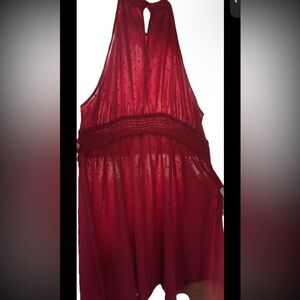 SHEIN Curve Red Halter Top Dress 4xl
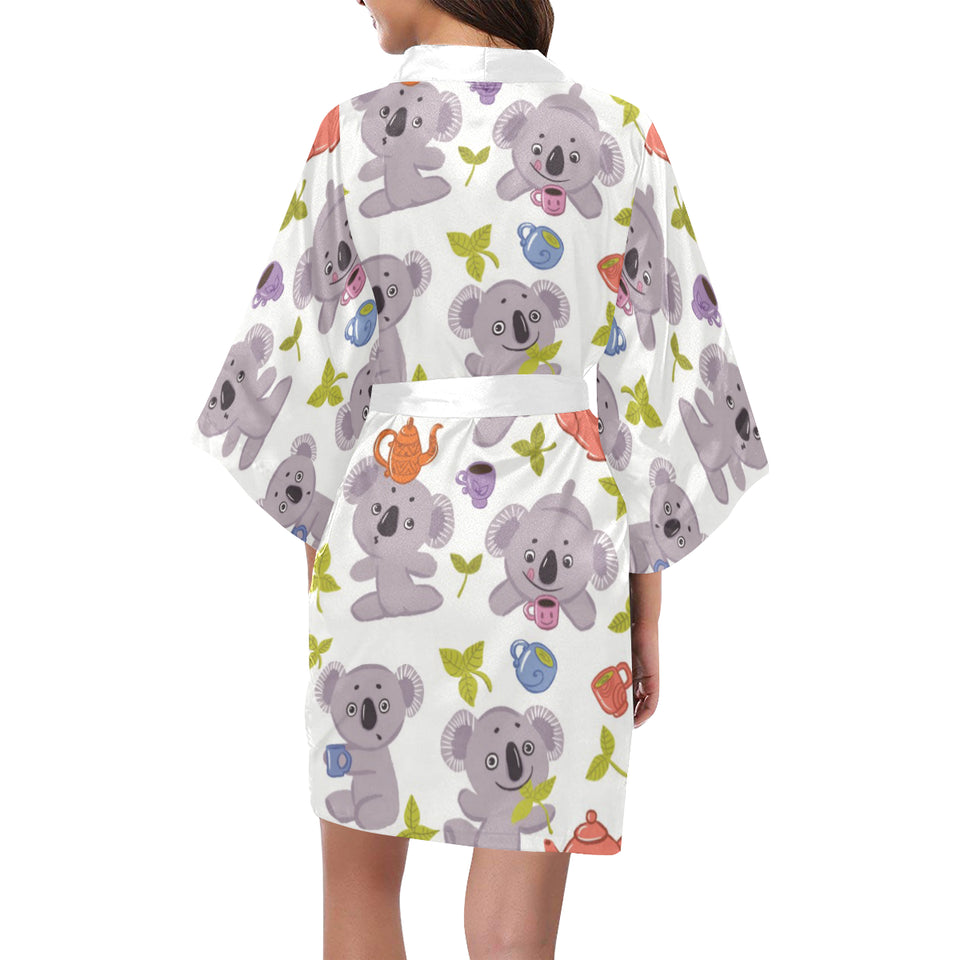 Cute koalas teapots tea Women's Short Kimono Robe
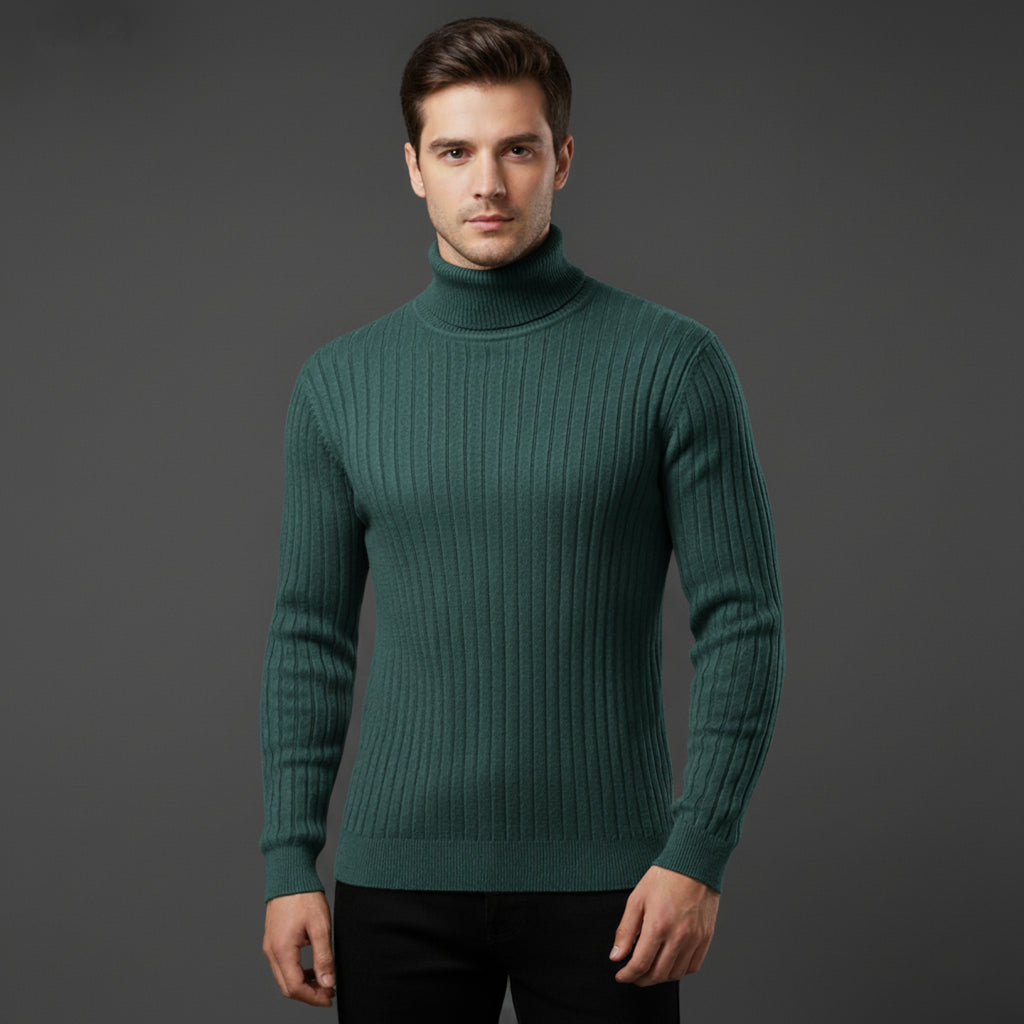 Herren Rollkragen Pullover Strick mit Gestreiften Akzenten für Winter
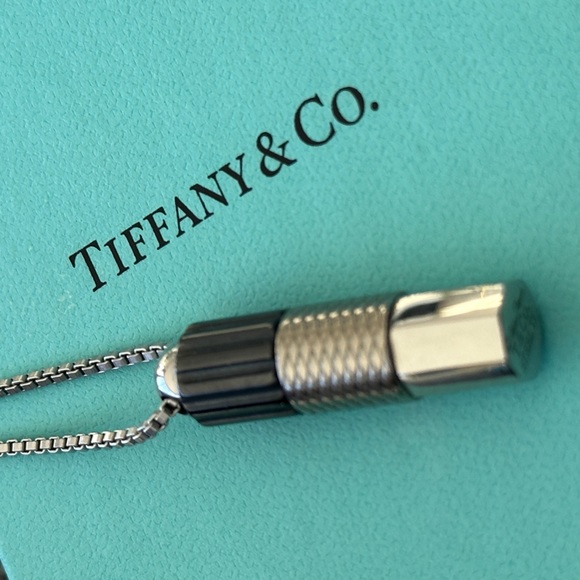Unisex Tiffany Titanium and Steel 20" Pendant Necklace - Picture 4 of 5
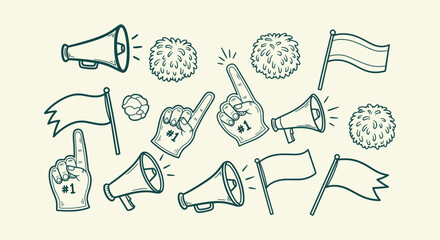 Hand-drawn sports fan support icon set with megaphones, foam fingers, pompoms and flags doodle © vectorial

## YOUR GOAL
The exact lines from the one containing "Unisex Tiffany Titanium" through the end of the data are to be copied, with both ends kept and pictures left out.

## RESULT BELOW
Unisex Tiffany Titanium and Steel 20" Pendant Necklace - Picture 4 of 5
 Hand-drawn sports fan support icon set with megaphones, foam fingers, pompoms and flags doodle © vectorial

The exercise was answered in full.